LlaMa-DUSFT / README.md
leftfooted's picture
Update README.md
4ea9b74 verified
---
license: apache-2.0
datasets:
- Open-Orca/OpenOrca
base_model:
- meta-llama/Llama-2-7b-hf
---
# llama-2 40 layer model
## Model Overview
LlaMa-DUSFT is a custom variant of the LLaMA-2-7B model created using the DUS (Dynamic Update Strategy) methodology.

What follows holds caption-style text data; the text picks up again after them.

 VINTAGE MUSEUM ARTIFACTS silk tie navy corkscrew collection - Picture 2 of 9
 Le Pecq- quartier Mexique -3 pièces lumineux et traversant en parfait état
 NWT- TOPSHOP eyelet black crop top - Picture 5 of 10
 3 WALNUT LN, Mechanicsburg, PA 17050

The original LLaMA-2-7B model consists of 32 layers, and this variant introduces a novel approach to optimize performance by reconfiguring and expanding the layer architecture to 40 layers.
### Key Modifications:
1. Layer Splitting:
- The original 32 layers of LLaMA-2-7B were duplicated.
- In one variant, the last 12 layers were removed.
- In another variant, the first 12 layers were removed.
2. Layer Merging:
- The two resulting 20-layer segments were combined to form a 40-layer model.
### Purpose:
This architectural modification was designed to test whether the DUS approach with an expanded layer count improves performance compared to the standard LLaMA-2 architecture.
## Training Details
### Dataset:
- The model was trained on a subset of the OpenOrca dataset, consisting of 5,000 samples.
### Training Configuration:
- Batch Size: 1
- Epochs: 3
- Optimizer: AdamW
- Learning Rate: 5e-5
- Software: Colab pro
### Preprocessing:
Data preprocessing followed the guidelines for LLaMA-2 models, ensuring tokenization and alignment were consistent with the original architecture.
## Results and Evaluation
### Performance Metrics:
- Due to the experimental nature of this model, specific evaluation metrics are currently limited.
- Initial results indicate improved adaptability in specific downstream tasks from the OpenOrca dataset.
### Observations:
- The DUS layer modification shows potential for enhancing model depth without significant degradation of performance.
- Further evaluation with larger datasets and varied tasks is required to confirm generalizability.